# Feeding Cull Cows



## Vol (Jul 5, 2009)

Growing TN.

Regards, Mike

http://growingtennessee.com/news/2016/11/feeding-cull-cows-prior-sale-may-add-value/?utm_source=Growing+Tennessee&utm_campaign=63861eecee-growingtennessee-daily_newsletter&utm_medium=email&utm_term=0_d75710df8e-63861eecee-296641129


----------



## Tim/South (Dec 12, 2011)

Good read.

We have weaned some calves at 150 days this year. Because of the drought, the main forage has been hay this summer. Older cows have a hard time raising a calf on hay but do well on grass.

We are feeding the better Bermuda hay now to get weight back on the mommas before winter. Some will be culled.

We also went back to paste dewormer several years ago. That really aids in bringing them back up to weight.

I have one heifer that should have calved. She is being fed and going on our plate.

Have one older momma in the pen, on feed and free choice hay. Her calf can enter through a creep panel.

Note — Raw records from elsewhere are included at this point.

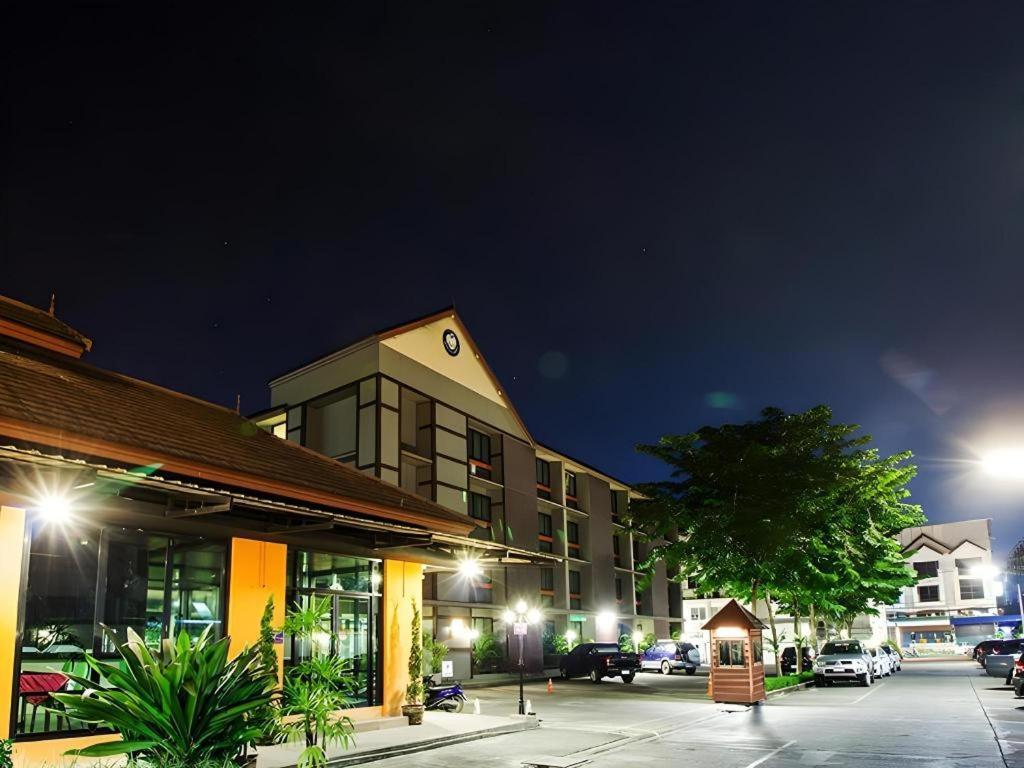 B2 Chiang Rai Boutique & Budget Экстерьер фото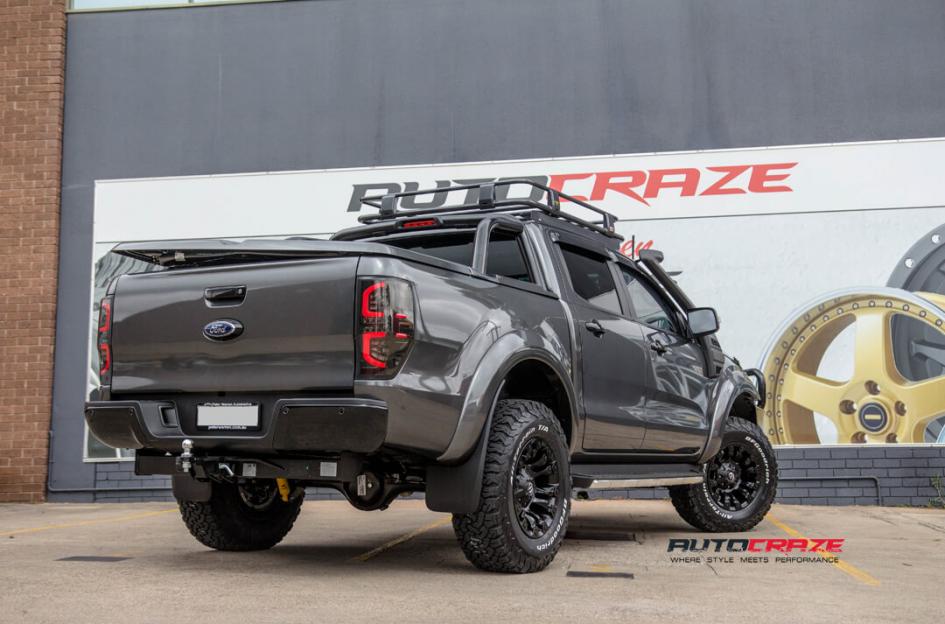 FORD-RANGER-VAPOR-MATTE-BLACK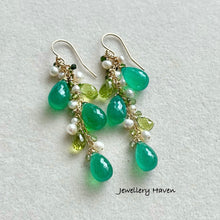 画像をギャラリービューアに読み込む, Green onyx, peridot and pearls earrings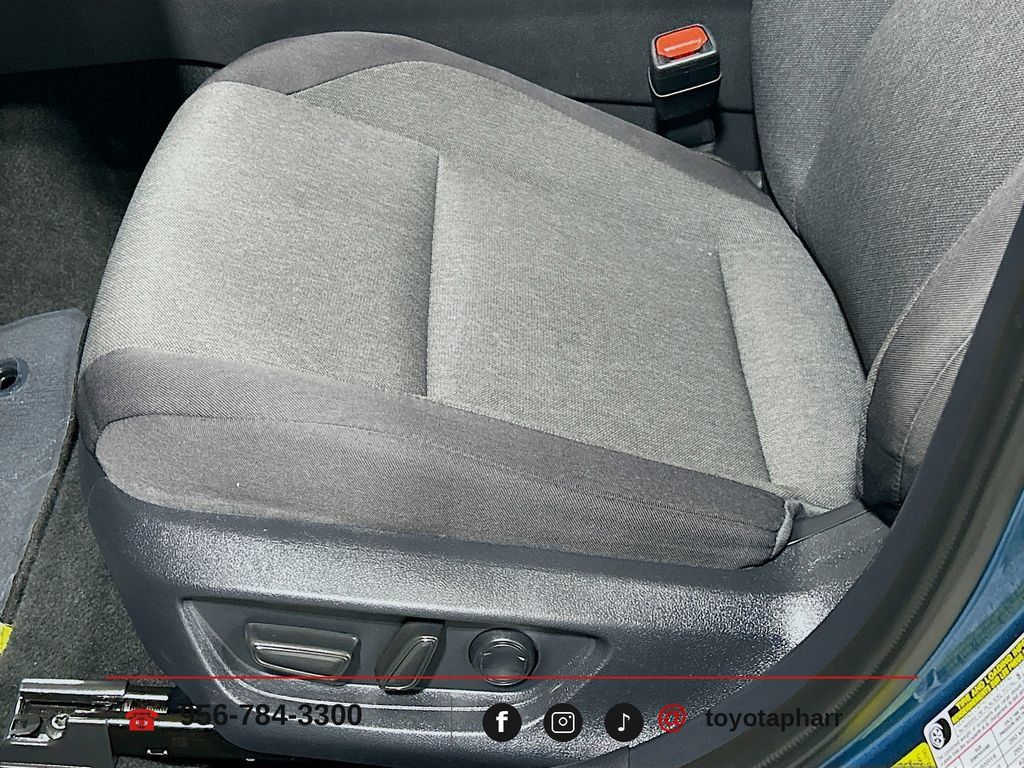 Used 2025 Toyota Camry LE w/ Convenience Package FWD image 17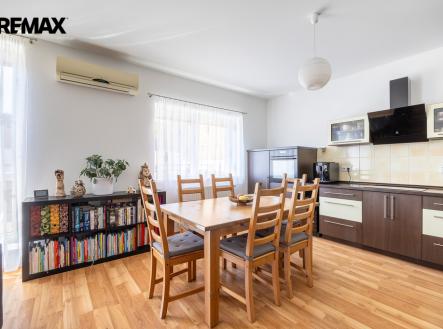 1b2a3240-hdr.jpg | Prodej bytu, 3+kk, 77 m²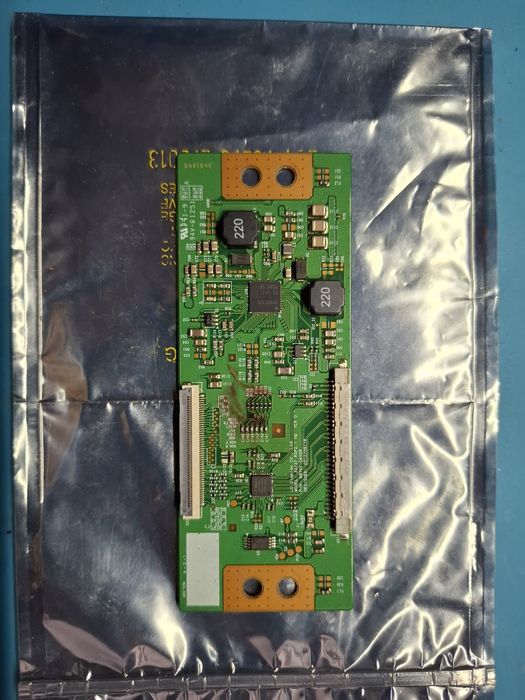 Placa T-Con  LG Display 6870C-0442B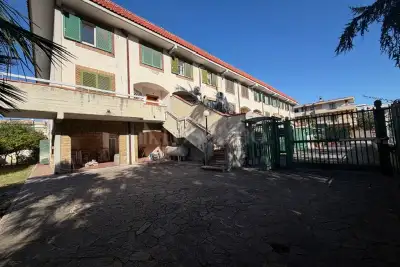 Villino a Schiera in vendita, Via Della Resistenza, Scafati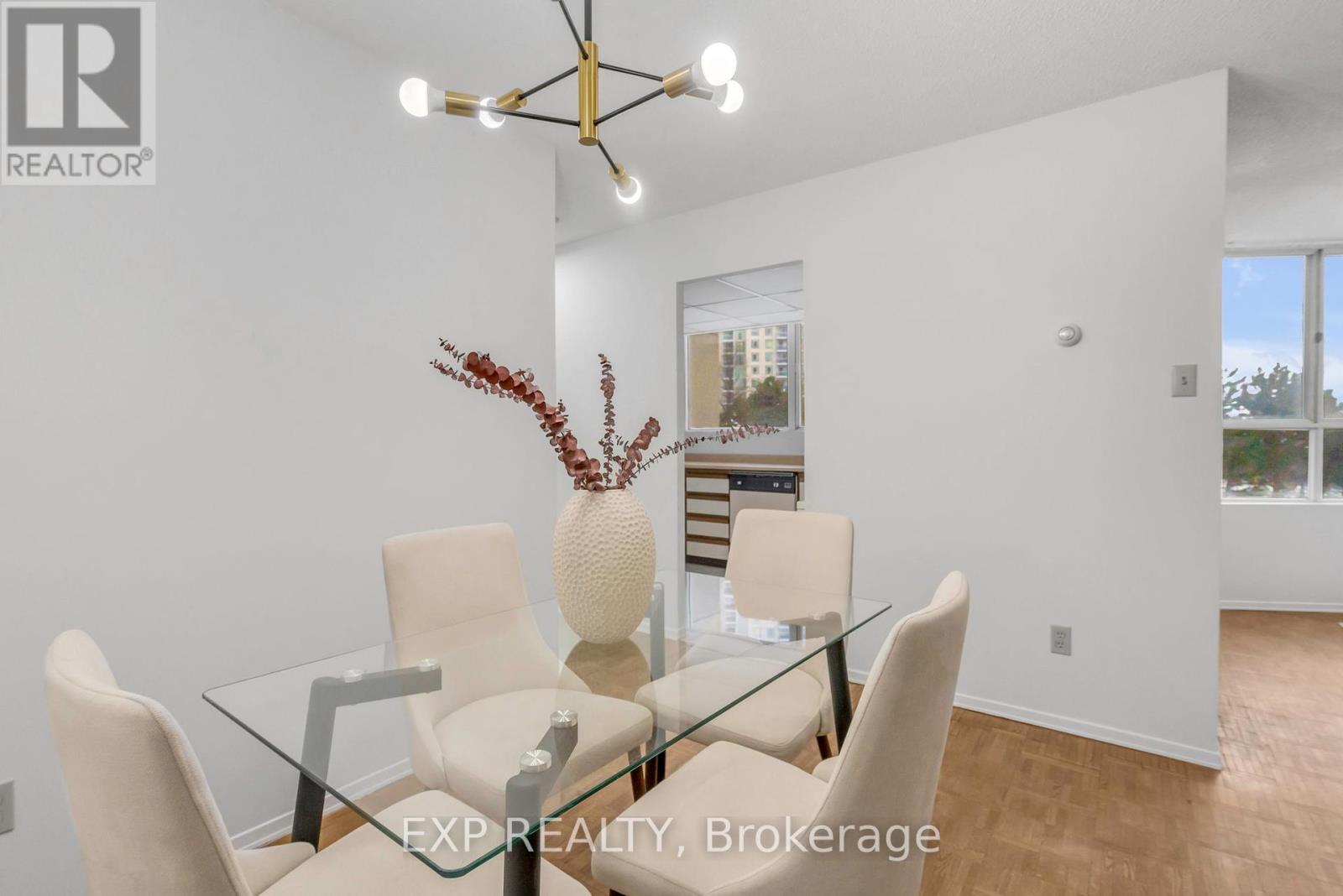 406 - 3700 Kaneff Crescent, Mississauga, Ontario  L5A 4B8 - Photo 19 - W12449311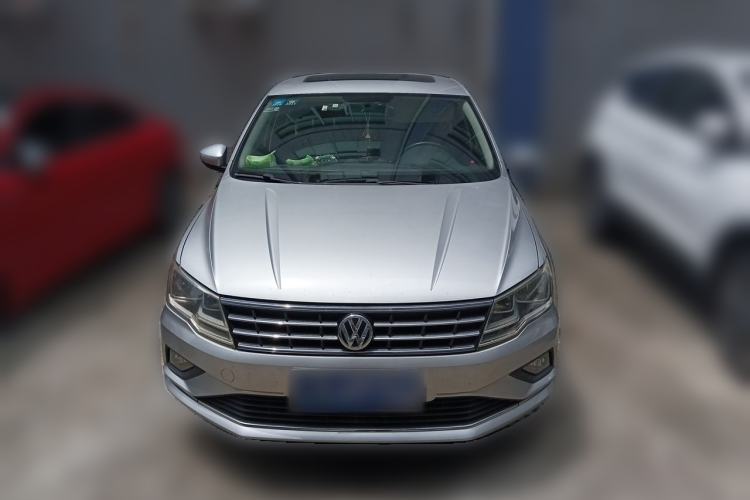 Used Volkswagen Jetta 2017 1.5L Automatic Fashion Model Front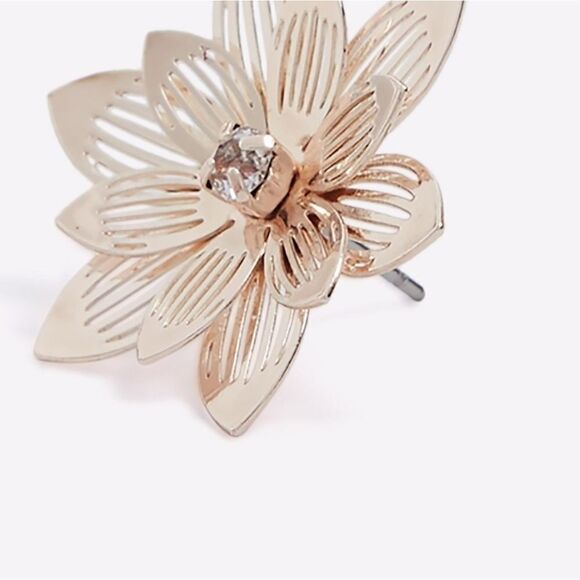 Flower Button Filigree Detailing Earrings NWT - Picture 4 of 6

It is hard to cull a momma cow that raises a good calf every year on her own. I have some I should have sold 2 years ago when prices were high. The last two calves have made them show their age.


----------



## hog987 (Apr 5, 2011)

The experts say to preg check in fall and cull any opens. One old guy gave me the advice to forget the cost and the rodeo of preg checking. Feed all cows over the winter and than after so many days after calving starts cull anything that doesn't have a calf. That way your not selling culls in fall when prices are the lowest. Also an open cow will gain weight over the winter on decent feed. Than she will sell into higher markets inthe spring.

Now this works 8-9 times out of ten. Than we get a year like last year where it doesnt work. But also if you have a lame old cow better sell her while you can cause they like to die before they gain weight.


----------



## IHCman (Aug 27, 2011)

I like to preg check in the fall and pull the opens. That way I have the option to take them to town right away if the price is right or keep them seperate and feed em a little better to put on weight and then sell them later.

We always pull off 30 cows or so in the spring that go in a cull pasture without a bull. Cows that are old, bad udders, bad disposition, or just plain don't like. Put a creep feeder in that pasture for the calves so we can wean the calves early in August and sell those cull cows in Sept thru Oct. Usually hit a better market that time of year here before all the opens go to town. This year it didn't work out so well, shoulda sold the culls in Sept but held them into Oct. Oh well I guess.


----------